**** RECORDS SHOWN ****
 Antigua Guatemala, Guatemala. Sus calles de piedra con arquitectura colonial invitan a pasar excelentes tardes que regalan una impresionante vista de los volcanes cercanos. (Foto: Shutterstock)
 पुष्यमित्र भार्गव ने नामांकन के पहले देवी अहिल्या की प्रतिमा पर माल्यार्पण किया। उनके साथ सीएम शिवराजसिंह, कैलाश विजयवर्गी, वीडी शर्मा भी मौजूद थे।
****
**** RECORDS SHOWN ****
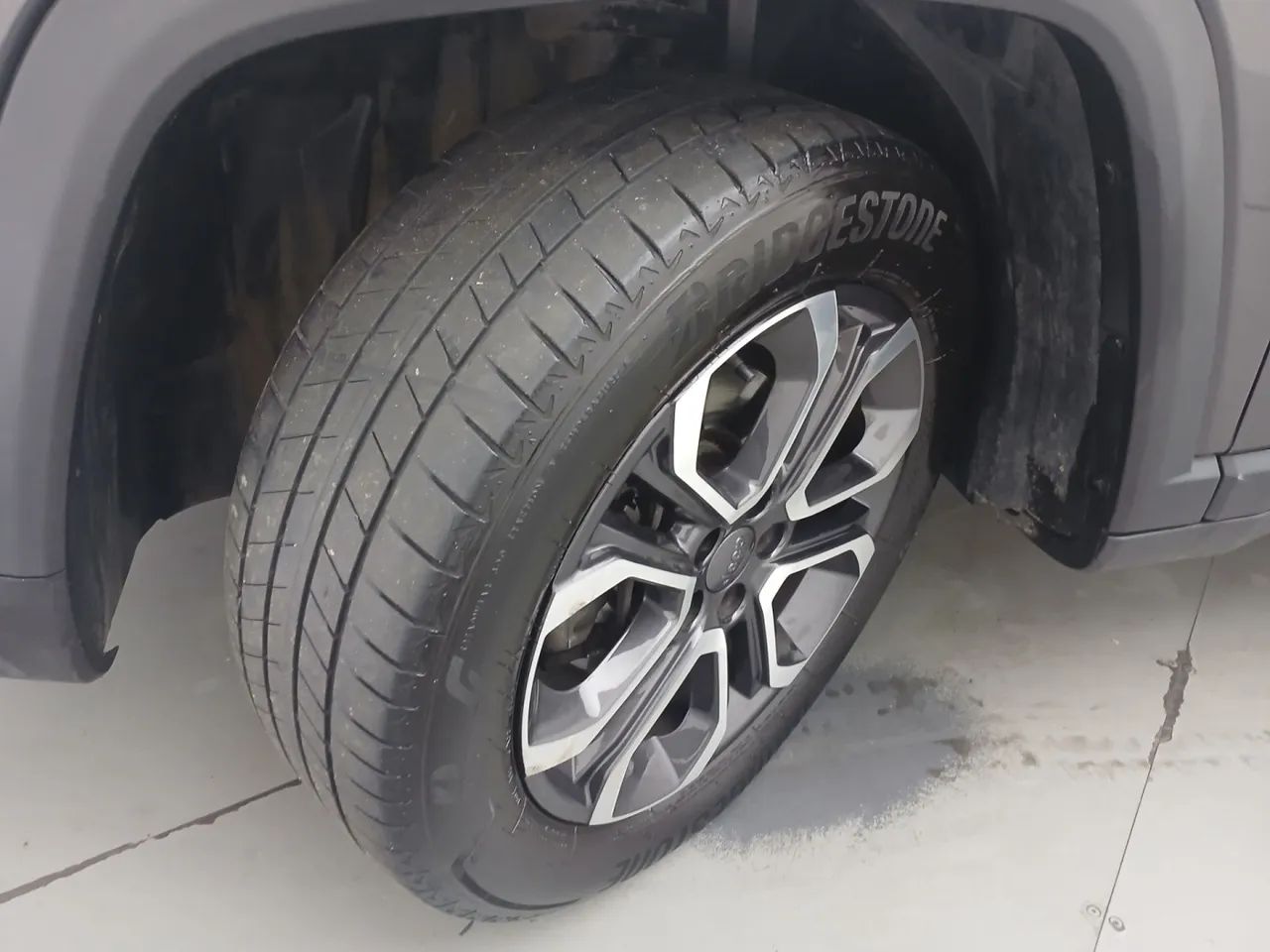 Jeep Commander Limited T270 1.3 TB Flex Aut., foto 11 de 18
****
DIRECTIONS: Copy, exactly and only, the lines above that begin with the one containing "Antigua Guatemala, Guatemala." and finish with the one containing "पुष्यमित्र भार्गव ने".

SOLUTION TO THIS TASK:
 Antigua Guatemala, Guatemala. Sus calles de piedra con arquitectura colonial invitan a pasar excelentes tardes que regalan una impresionante vista de los volcanes cercanos. (Foto: Shutterstock)
 पुष्यमित्र भार्गव ने नामांकन के पहले देवी अहिल्या की प्रतिमा पर माल्यार्पण किया। उनके साथ सीएम शिवराजसिंह, कैलाश विजयवर्गी, वीडी शर्मा भी मौजूद थे।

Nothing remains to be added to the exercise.